There's another benefit to keeping small sheep. The reason our pastures remain in such good shape is due in no small part to the lightfootedness of Soay sheep. Even the pasture where we carry our ewes over the winter, which gets grazed all the way to the ground and which seems a muddy wasteland by the end of January, recovers and turns into a lush grassy playground by the middle of April. Soay sheep are so light that even months of hoof traffic in rainy conditions does not ruin an established stand of pasture grasses.
It is often said that Soay sheep make wonderful lawnmowers, and they do, but the notion you can trade in your mower for a flock of sheep — any kind of sheep — is, sad to say, a bit of wishful thinking. The trouble is that the grass grows like mad in the spring and then gradually slows, finally petering out altogether by late fall. If you have a small flock, they will not be able to keep up with the grass in April and May, and if you have a flock large enough to handle the spring pastures, your fields will start to look threadbare come late summer.
On the other hand, your lawnmower is useless in the weed-pulling department, and this is where the Soay sheep make up for their imperfection as lawnmowers. They are truly splendid as warm-blooded WeedEaters. Heritage sheep much prefer weeds ("forbs") over grasses, and there are very few weeds they will not gladly eat, especially when the weeds first emerge in the spring. Even bull thistle is vulnerable at the seedling stage. And if you are in an area where blackberry or poison oak is a problem, these little guys are just the ticket. The most you need to do is mow or chop down the berry vines or poison oak once. Soay sheep absolutely love fresh blackberry and poison oak as it emerges from the ground. You are going to be rotating your flock through the sections of your pasture anyway in order to have consistent grass growth. Your Soay gang will seek out the new weed growth as they move through the pastures and eat it first before they turn to the grass. After a couple of seasons the blackberry and poison oak roots starve and die off. It really is that easy; we've done it and we have the recovered pastures to prove it.
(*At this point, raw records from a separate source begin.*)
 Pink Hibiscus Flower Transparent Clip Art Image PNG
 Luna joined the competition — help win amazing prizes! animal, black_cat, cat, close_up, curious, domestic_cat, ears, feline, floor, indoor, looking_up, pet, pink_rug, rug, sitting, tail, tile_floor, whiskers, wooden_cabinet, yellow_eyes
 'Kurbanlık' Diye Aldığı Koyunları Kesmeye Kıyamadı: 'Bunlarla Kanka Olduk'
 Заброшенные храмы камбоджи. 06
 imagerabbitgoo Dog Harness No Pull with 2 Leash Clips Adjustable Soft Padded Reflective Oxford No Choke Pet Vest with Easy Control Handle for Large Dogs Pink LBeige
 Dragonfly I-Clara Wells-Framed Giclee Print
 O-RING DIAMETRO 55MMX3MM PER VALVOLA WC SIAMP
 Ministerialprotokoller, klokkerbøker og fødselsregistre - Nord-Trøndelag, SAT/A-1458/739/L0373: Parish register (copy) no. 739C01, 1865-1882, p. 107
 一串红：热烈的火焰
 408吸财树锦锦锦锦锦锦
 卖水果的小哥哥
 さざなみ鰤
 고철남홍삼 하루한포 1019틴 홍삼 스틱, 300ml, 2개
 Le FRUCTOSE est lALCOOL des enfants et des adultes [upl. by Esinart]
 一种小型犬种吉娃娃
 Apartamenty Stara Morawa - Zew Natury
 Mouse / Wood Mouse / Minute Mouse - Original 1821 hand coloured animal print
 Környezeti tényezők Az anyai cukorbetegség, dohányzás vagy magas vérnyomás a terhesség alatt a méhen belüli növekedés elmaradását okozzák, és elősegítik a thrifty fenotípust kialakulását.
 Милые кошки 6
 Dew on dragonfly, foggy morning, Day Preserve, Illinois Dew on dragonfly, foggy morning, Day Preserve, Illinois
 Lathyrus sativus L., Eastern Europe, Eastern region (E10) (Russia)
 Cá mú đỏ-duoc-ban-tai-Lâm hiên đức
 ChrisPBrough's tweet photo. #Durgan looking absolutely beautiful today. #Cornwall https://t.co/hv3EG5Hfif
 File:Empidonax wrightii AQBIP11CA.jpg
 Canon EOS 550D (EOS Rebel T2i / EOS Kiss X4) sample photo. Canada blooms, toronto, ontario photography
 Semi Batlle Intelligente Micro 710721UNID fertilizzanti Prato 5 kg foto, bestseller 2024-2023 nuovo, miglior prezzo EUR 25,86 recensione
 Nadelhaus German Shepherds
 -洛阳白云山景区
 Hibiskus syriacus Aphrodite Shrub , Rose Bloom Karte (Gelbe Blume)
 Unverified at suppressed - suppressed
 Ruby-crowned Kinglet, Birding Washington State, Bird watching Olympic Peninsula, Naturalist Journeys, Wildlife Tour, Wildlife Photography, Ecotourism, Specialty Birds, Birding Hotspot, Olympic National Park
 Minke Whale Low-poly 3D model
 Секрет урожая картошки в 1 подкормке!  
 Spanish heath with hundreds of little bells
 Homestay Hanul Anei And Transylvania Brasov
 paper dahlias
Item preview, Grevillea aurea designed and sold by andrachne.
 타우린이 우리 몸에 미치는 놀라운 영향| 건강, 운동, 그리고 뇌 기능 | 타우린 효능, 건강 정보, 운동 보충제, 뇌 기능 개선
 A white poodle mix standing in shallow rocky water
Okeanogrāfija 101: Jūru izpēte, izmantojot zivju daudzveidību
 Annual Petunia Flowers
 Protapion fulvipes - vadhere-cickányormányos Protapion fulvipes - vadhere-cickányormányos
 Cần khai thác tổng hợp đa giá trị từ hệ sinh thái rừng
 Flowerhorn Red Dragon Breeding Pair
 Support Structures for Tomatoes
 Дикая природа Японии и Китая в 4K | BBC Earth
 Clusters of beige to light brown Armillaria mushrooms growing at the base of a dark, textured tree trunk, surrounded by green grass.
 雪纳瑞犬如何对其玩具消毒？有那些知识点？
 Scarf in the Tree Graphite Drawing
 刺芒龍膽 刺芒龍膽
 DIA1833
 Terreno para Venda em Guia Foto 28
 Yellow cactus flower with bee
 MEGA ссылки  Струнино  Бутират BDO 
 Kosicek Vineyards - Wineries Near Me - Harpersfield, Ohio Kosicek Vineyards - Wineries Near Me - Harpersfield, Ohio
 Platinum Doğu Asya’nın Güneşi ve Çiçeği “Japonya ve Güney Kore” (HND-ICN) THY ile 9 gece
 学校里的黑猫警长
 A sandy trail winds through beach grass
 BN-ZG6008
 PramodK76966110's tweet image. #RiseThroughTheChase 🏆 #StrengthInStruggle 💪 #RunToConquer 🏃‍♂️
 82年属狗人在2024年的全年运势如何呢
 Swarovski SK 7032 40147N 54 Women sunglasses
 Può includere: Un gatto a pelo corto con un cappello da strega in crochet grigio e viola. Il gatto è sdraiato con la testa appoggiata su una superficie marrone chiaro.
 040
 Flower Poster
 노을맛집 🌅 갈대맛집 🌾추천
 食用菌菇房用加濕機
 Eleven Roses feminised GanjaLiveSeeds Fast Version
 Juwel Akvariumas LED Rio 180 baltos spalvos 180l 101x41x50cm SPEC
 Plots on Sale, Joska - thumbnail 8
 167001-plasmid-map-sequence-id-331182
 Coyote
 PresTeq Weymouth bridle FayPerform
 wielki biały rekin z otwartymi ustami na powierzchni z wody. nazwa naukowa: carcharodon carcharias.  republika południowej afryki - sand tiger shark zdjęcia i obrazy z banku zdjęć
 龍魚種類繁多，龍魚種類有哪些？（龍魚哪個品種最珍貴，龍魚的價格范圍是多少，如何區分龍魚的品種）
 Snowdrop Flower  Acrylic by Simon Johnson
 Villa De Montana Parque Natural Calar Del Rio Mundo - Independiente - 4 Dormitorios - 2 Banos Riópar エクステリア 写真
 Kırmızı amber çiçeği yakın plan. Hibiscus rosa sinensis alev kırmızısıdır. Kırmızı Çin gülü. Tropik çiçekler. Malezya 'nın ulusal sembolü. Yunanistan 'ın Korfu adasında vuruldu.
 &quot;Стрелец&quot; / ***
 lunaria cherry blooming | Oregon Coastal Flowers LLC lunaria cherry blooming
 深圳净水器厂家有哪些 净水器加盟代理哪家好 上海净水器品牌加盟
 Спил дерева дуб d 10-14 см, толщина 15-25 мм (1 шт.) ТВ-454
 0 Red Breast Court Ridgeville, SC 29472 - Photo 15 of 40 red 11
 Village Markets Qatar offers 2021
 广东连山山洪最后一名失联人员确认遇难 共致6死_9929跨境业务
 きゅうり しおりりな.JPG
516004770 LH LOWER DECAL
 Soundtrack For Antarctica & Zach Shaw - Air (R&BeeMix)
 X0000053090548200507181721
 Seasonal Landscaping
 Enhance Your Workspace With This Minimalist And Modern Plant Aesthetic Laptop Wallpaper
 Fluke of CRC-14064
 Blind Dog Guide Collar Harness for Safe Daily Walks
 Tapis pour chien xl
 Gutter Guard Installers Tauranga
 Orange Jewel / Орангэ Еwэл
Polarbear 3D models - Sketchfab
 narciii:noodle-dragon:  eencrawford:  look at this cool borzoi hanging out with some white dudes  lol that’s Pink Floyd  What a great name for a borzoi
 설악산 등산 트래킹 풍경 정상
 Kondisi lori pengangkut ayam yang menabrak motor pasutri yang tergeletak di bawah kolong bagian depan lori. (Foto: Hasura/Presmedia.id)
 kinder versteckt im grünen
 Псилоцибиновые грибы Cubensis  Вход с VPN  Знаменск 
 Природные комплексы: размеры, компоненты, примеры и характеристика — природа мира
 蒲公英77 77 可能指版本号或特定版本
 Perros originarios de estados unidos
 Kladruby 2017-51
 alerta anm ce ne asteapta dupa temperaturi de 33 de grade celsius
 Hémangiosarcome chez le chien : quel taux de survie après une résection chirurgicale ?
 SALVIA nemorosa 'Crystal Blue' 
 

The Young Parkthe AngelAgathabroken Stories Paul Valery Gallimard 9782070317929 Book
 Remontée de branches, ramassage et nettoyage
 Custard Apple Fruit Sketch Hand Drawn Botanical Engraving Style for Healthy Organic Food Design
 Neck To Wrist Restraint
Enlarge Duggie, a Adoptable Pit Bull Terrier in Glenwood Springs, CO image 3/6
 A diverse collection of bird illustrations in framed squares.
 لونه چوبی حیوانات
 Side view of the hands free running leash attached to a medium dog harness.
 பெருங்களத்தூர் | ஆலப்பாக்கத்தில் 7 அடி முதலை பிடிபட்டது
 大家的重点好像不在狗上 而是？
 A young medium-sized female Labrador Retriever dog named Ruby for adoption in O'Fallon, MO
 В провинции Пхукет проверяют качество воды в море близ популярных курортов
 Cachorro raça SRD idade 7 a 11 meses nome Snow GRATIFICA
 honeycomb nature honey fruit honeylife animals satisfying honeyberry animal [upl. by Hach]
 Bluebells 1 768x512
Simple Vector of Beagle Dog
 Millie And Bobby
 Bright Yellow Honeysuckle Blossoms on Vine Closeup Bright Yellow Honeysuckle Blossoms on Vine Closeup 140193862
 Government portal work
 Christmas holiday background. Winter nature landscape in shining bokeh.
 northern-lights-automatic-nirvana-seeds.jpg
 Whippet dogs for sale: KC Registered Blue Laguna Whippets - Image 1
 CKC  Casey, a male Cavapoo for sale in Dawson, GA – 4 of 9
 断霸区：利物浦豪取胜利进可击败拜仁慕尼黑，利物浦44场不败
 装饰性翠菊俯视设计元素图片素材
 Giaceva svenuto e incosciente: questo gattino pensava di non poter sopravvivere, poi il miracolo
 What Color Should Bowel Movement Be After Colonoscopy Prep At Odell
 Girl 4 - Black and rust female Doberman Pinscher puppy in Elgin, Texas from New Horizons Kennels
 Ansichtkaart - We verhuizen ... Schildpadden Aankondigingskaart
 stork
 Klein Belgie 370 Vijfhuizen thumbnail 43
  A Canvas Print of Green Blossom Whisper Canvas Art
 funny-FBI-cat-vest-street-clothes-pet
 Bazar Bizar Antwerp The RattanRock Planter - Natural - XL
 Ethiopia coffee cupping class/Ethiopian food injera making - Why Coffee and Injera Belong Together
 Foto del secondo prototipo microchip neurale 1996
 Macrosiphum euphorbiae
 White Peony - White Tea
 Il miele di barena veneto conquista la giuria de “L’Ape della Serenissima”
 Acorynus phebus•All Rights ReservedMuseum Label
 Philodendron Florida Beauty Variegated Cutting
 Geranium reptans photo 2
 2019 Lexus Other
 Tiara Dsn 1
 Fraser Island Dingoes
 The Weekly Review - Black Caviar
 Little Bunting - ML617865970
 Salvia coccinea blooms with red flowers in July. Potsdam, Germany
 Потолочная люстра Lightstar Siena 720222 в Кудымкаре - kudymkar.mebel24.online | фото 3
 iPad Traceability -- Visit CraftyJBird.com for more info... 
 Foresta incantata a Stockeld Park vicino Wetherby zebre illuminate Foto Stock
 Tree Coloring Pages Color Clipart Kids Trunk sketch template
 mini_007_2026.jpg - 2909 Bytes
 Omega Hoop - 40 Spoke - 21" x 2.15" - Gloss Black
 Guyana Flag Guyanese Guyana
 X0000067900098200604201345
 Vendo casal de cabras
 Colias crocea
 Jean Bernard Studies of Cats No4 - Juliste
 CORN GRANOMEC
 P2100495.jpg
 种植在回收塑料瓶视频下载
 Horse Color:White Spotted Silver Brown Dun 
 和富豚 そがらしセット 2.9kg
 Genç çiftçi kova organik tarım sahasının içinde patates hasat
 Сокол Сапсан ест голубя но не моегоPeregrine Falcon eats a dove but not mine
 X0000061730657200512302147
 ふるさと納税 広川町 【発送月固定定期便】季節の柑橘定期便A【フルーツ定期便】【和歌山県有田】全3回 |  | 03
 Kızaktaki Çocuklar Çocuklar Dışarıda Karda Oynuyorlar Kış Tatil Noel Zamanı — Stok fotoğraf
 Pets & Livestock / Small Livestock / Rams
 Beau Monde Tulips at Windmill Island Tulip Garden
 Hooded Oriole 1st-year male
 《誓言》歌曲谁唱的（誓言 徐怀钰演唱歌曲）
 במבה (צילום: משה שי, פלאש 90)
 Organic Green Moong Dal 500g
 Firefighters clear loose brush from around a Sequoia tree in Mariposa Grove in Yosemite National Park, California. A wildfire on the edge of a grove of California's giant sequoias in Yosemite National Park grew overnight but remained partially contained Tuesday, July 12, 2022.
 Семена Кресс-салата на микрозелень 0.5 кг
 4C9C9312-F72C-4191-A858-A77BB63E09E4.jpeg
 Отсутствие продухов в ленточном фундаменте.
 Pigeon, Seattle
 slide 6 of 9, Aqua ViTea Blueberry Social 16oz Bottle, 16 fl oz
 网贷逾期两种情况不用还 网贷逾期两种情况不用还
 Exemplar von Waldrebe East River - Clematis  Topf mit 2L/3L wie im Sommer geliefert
Soay sheep are easy keepers. Their ancestors were toughened by centuries of survival under brutal conditions on a 300-acre island way out in the North Atlantic Ocean off the northwest coast of Scotland. Only strong, thrifty, capable and self-reliant animals survived in such a place. Any physically weak individuals were eliminated by Nature's relentless, merciless culling. Consequently, today's Soay sheep are tough characters, despite their diminutive size and seemingly delicate structure. They bear their lambs easily and quickly, requiring assistance rarely if ever. They are comparatively resistant to parasites, and their shelter requirements are minimal. Our flock occasionally sleep outside their shelters even in light snow or rain, retreating only in downpours.
The wool of a Soay sheep is shed naturally in the spring, a characteristic that pretty much eliminates one of the biggest hassles of sheep husbandry -- shearing. If you leave Soay sheep alone at this time, you will find your fences, gates and trees festooned with gobs of wool. Truth is, Soay sheep often look quite ratty during this phase, but a little hand-rooing by the shepherd spruces them up nicely. If desired, the wool can be harvested by hand rooing when the fleece first begins to loosen. Since sheep can remain standing while their wool is removed, rooing time presents a nice opportunity for the shepherd to interact calmly and quietly with the animals, gaining their confidence.
Soay sheep, with their varied coat colors and stately horns (rams and ewes alike) provide living statuary for your pastures. They just look really good out there in the fields. Up close, they have a winning way with their human keepers, becoming tame, comfortable to mingle with, and charming.